Hence, each call of \(\mathsf {RecPutBlack}\) takes at most \(4^{d}\) moves, and the total number of moves to pebble the circuit is at most \(q 4^{d}\).

In summary, the above gives us a strategy to pebble any circuit with at most \(\gamma = q 4^d\) moves and \(t^* = 2d\) black pebbles. By instantiating Corollary 1 with the above strategy, we obtain the following corollary.

Corollary 3

Assuming the existence of (standard) one-way functions, there exists an adaptively secure garbling schemes that has on-line complexity \((n+m)\mathsf {poly}(\lambda )\) for all circuits having depth \(d = O(\log \lambda )\).
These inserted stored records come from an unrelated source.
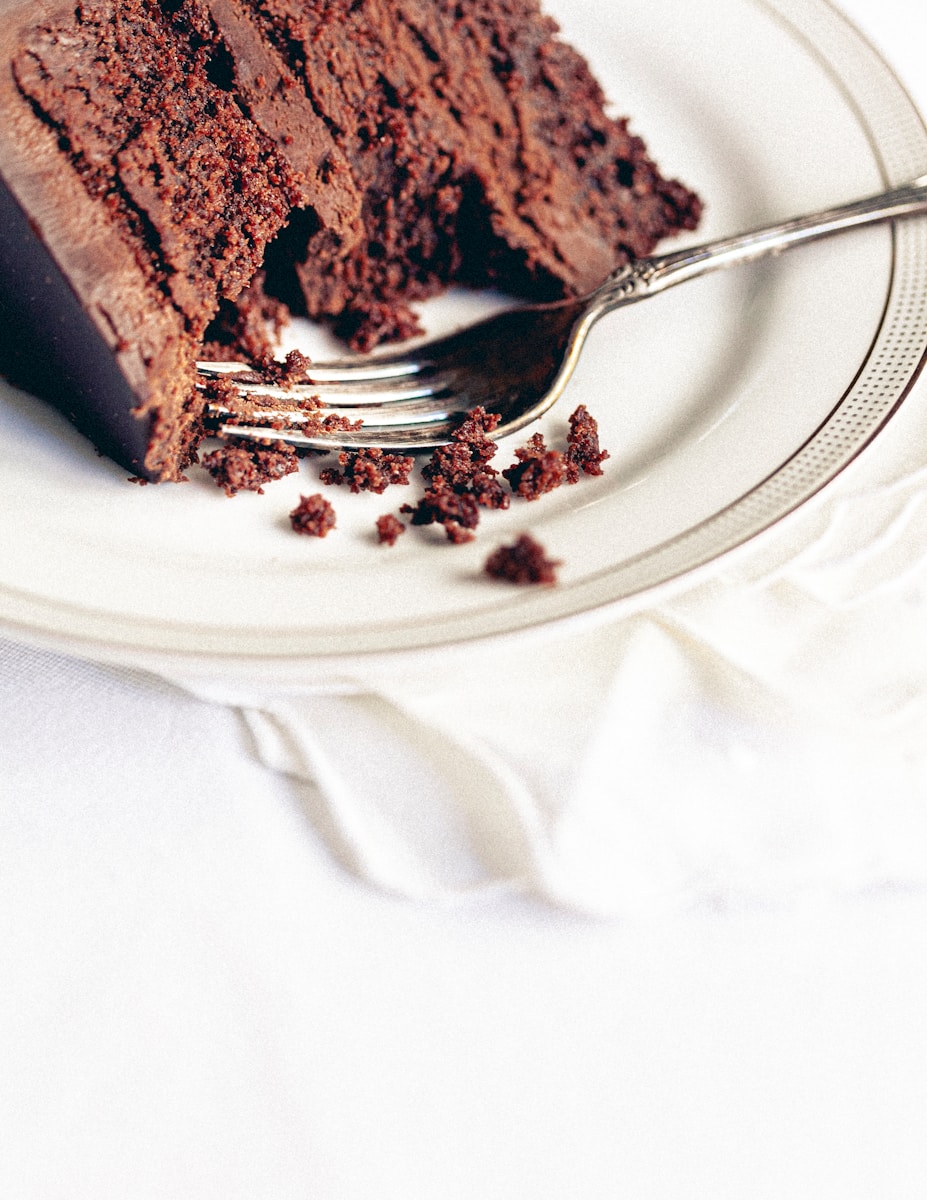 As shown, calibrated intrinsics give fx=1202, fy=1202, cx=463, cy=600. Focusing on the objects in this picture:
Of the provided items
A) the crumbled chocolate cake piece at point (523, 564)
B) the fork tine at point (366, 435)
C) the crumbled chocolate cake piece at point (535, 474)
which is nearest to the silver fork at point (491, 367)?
the fork tine at point (366, 435)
Assuming the existence of sub-exponentially secure one-way functions, there exists an adaptively secure garbling scheme that has on-line complexity \((n+m)\mathsf {poly}(\lambda ,d)\), for arbitrary circuits of depth \(d = \mathsf {poly}(\lambda )\).

8 Conclusions

We have shown how to achieve adaptively secure garbling schemes under one-way functions by augmenting Yao’s construction with an additional layer of somewhere-equivocal encryption. The on-line complexity in our constructions can be significantly smaller than the circuit size. In our main instantiation, the on-line complexity only scales with the width w of the circuit, which corresponds to the space complexity of the computation.
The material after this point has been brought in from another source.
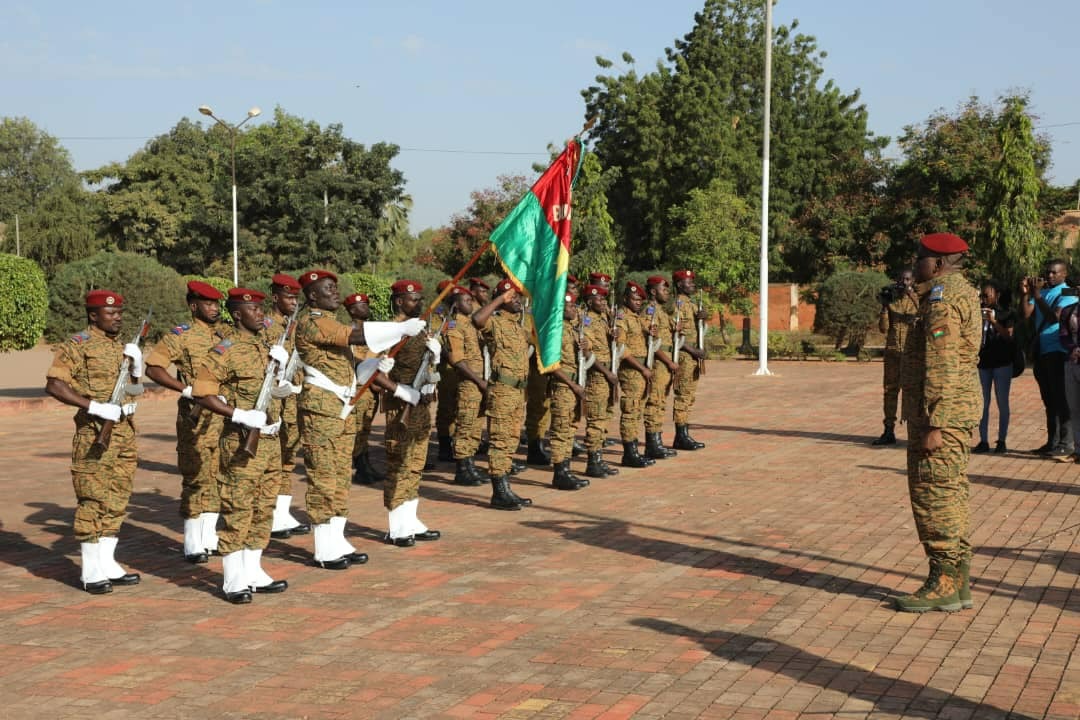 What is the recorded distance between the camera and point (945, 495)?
671cm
It remains as an open problem to get the optimal on-line complexity \((n+m)\mathsf {poly}(\lambda )\) which does not depend on the circuit depth or width. Currently, this is only known assuming the existence of indistinguishability obfuscation and therefore it remains open to achieve the above under one-way functions or even stronger assumptions such as DDH or LWE. It also remains open if Yao’s scheme (or more precisely, a variant of it where the output map is sent in the on-line phase) can already achieve adaptive security without relying on somewhere-equivocal encryption. We have no proof nor a counter-example. It would be interesting to see if there is some simple-to-state standard-model security assumption that one could make on the encryption scheme used to create the garbled gates in Yao’s construction (e.g., circular security, key-dependent message security, etc.), under which one could prove that the resulting garbling scheme is adaptively secure.